Mr. Nenshi needs at least eight friendly aldermen to ensure he maintains control on council for the next four years. And it will be a crucial term; one in which the mayor plans to stymie the enormous pace of growth of the suburbs and encourage higher-density urban developmen­t in the downtown core — raising the price of suburban developmen­t being part of that plan. In an unpreceden­ted move for Calgary politics, he has officially endorsed all the incumbent aldermen, evidently part of his defence against the powerful assault of the homebuilde­rs.

Mr. Nenshi is right that the Manning organizati­on has an agenda, though it does not appear to be quite the one that the mayor portrays. It has funded a lobby group, Common Sense Calgary, which warns of a Vancouver-style affordabil­ity crisis if city planners get their way. Manning has also published a series of conservati­ve-tinged reports on municipal governance and Calgary’s city council.

Another report was released on Tuesday. To everyone’s great surprise, perhaps Mr. Nenshi’s most of all, Managing the Costs of Growth was hardly a radical prescripti­on for laissez-faire suburban developmen­t. Written by Ben Brunnen, a policy and economics consultant in the city, the Manning report points out that Calgary’s tendency toward wide streets, big homes and spacious yards — all the blessings of open space, economic prosperity and cheap transporta­tion — is an expensive luxury. Infrastruc­ture for single-family homes costs more to build and maintain per capita than infrastruc­ture that services higher-density developmen­t. Mr. Brunnen recommends a tax regime that puts the increased costs of that kind of developmen­t squarely on those who use it.

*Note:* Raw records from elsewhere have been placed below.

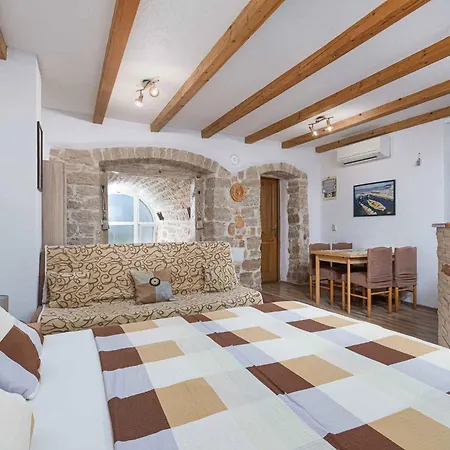 In - Istrien 46934 Apartment *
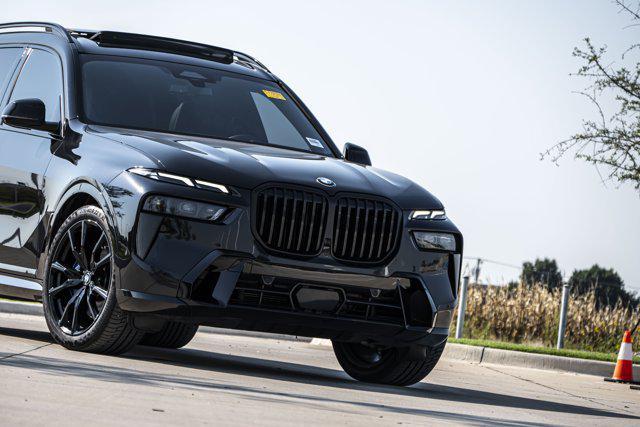 Photo of 2024 Black Sapphire Metallic BMW X7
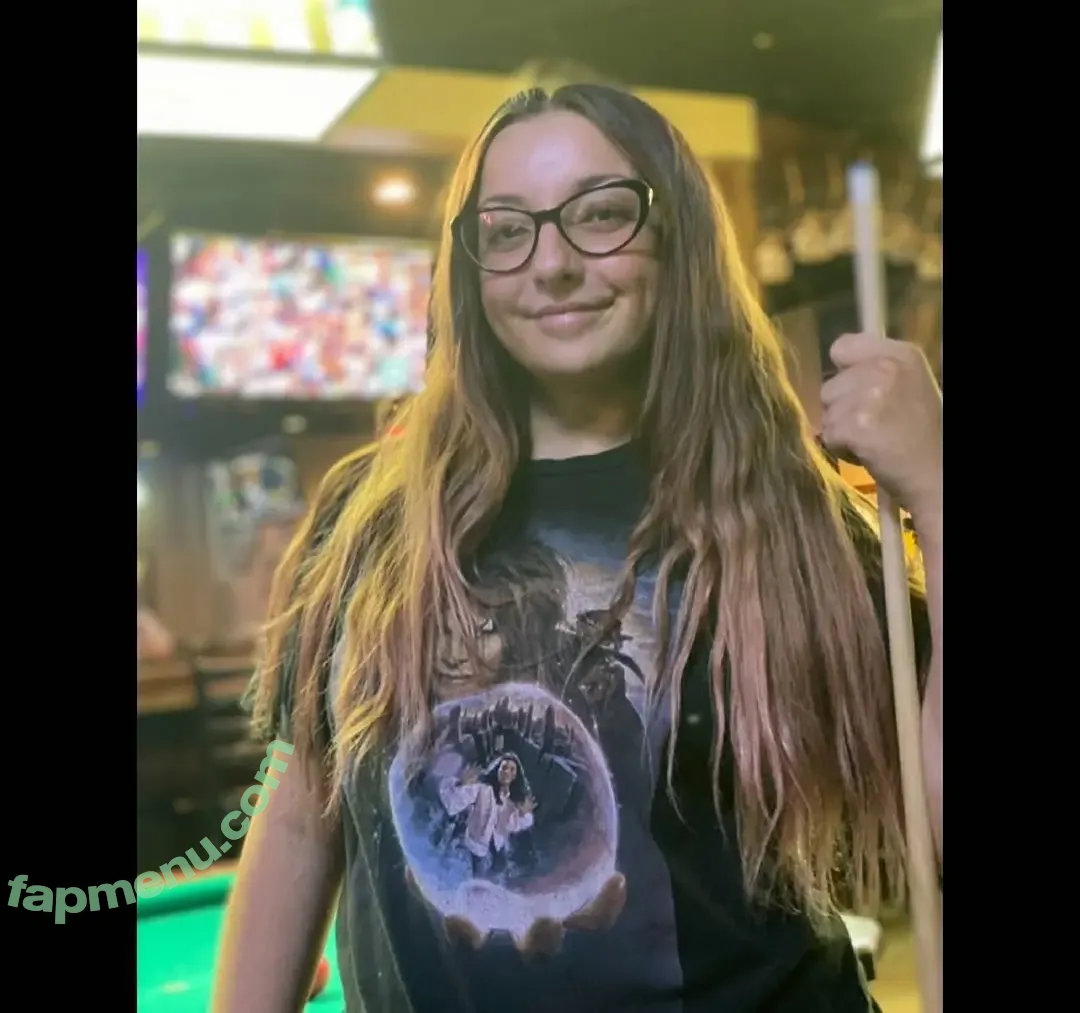 queencourtnizzle nude photo #0090 (queencourtnizzle)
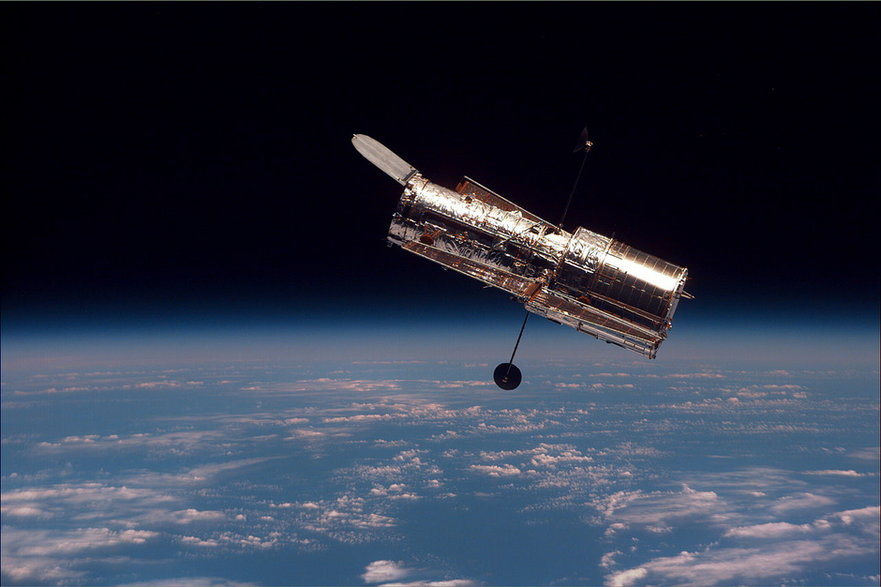 Teleskop Hubble’a widziany z pokładu promu kosmicznego Discovery, 1997 r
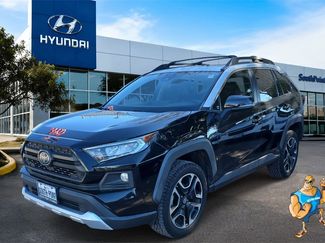 Used 2019 Toyota RAV4 Adventure video 1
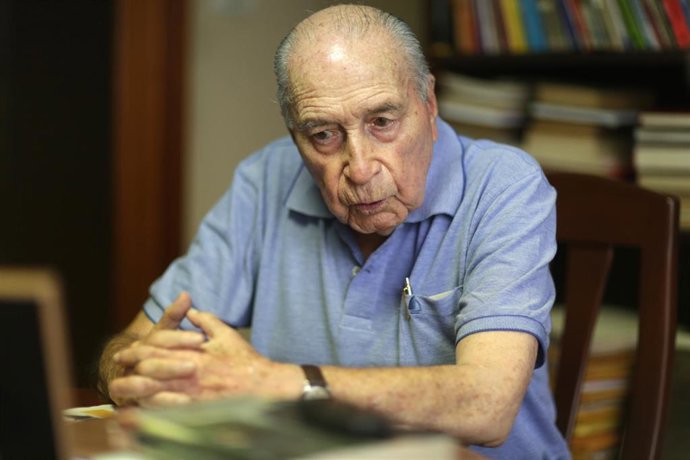 Archivo - El dictador peruano Francisco Morales Bermúdez.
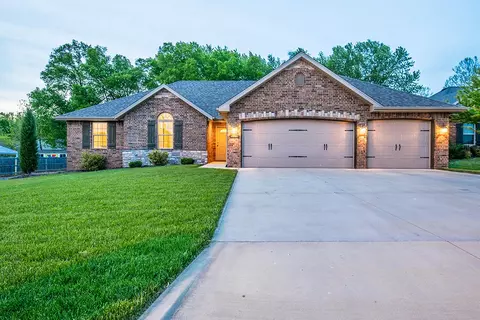 1513 E Primrose Ln, Republic, MO 65738 photo 1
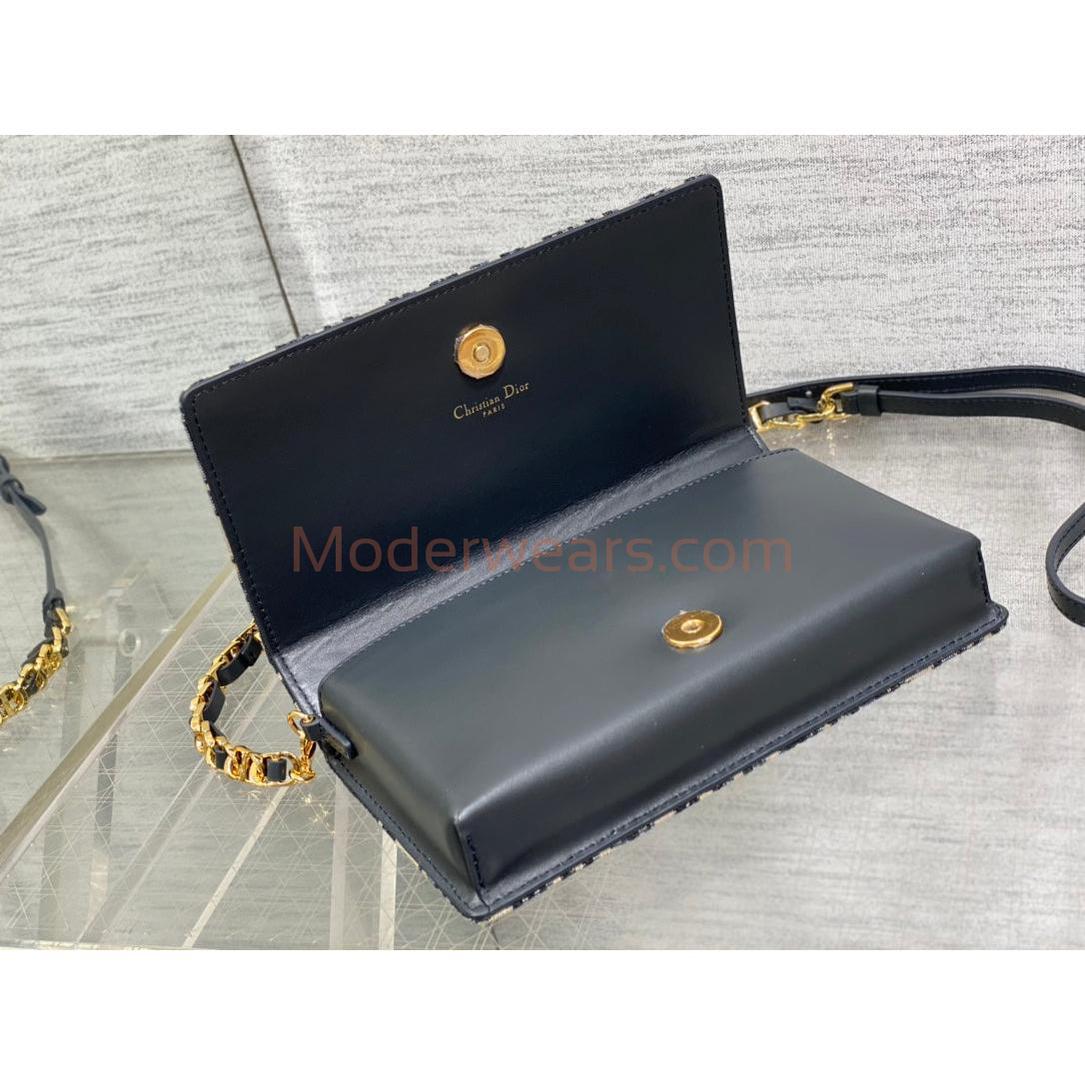 Chic & Stylish Bags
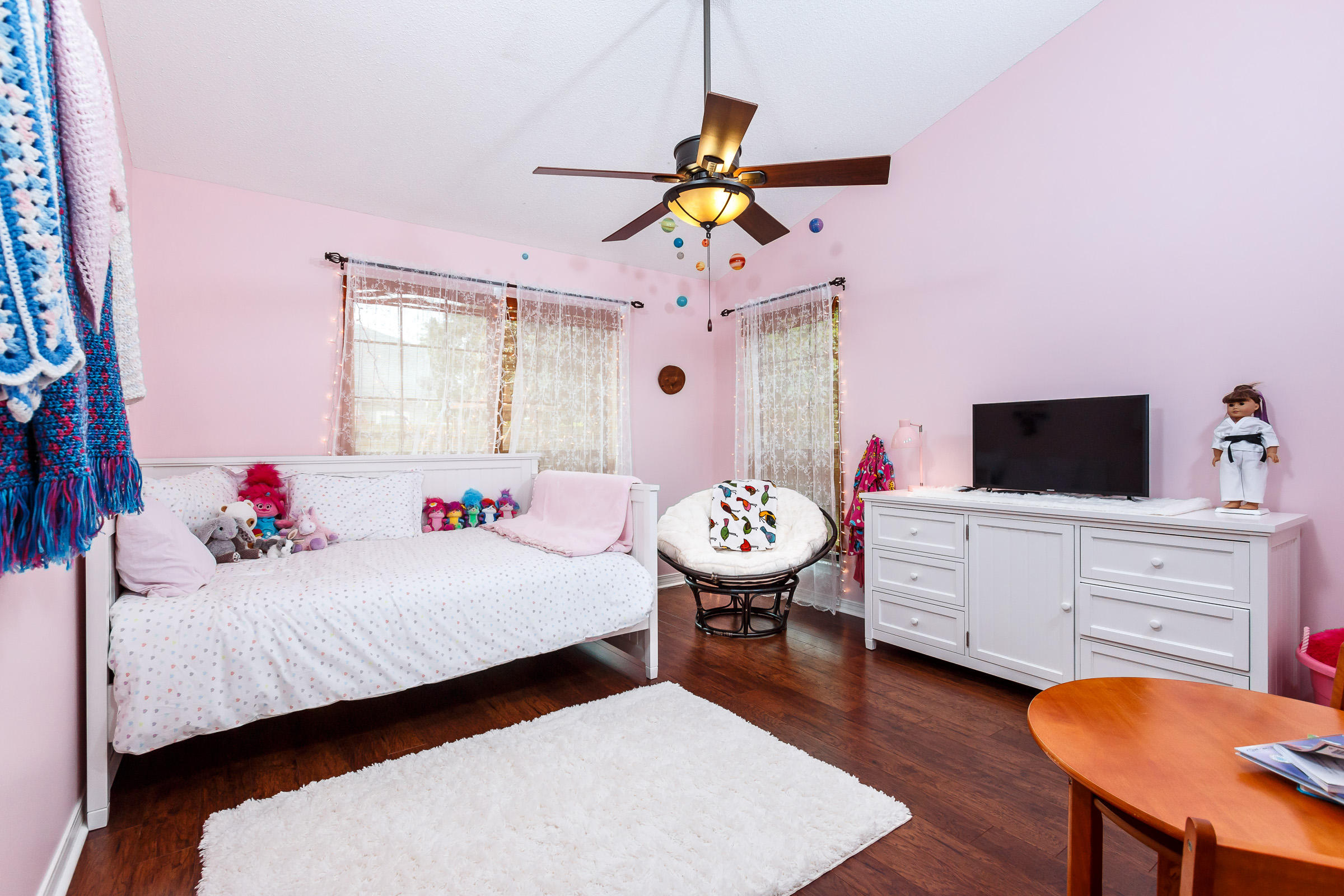 CASTELAR - Residential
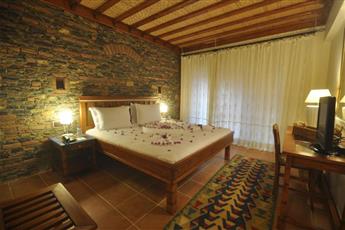 El Vino Hotel & Suites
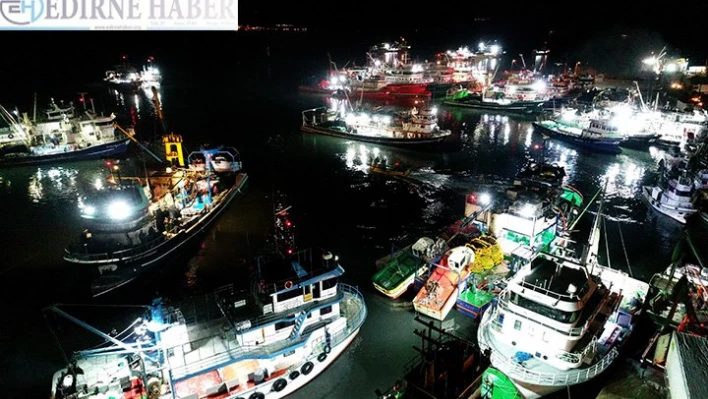 250 tekne hamsi peşinde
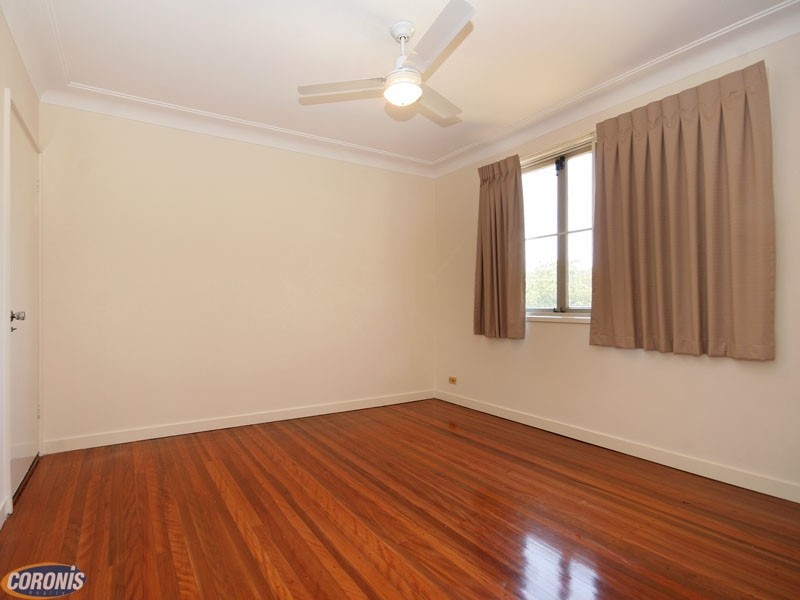 5 Haysmouth Parade, Clontarf QLD 4357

“What we need to be doing is moving away from taxing people strictly on assessed property value to taxing them based on actual use,” he said.

In other words, suburbanit­es who take up more space, require the addition of new infrastruc­ture and services, and use more of the city’s roads, should be paying more of that cost, rather than some of that cost spreading to other ratepayers in the city. This analysis is not without its problems, but much of Mr. Brunnen’s report could have come right out of Mayor Nenshi’s campaign office. Mr. Brunnen even tacitly endorsed ending the implicit subsidizat­ion of suburban developmen­ts, and the $4,800 levy. “It’s a good thing if it’s applied equitably across all types of developmen­t,” he said. Mr. Nenshi was gratified, and yet proceeded to insinuate that the Manning Centre must have gone rogue, against its homebuilde­r masters.

“I suspect they got some angry phone calls from their donors this morning, but good on them for actually standing up for the correct free-market principle here,” he said.

But if the latest report shows anything, it’s how comparativ­ely over-the-top the rhetoric had become in a campaign that had, elsewhere, lacked tension. There are developers unhappy with city council’s shift in tone, certainly, but even the Manning Foundation is acknowledg­ing the city can’t afford to grow to the Rockies without a credible plan to finance the expansion. Absent a real fight, the mayor has been left to shadow box, dampening his own charm and perhaps with it his popularity, while needlessly polarizing urban and suburban dwellers in the process.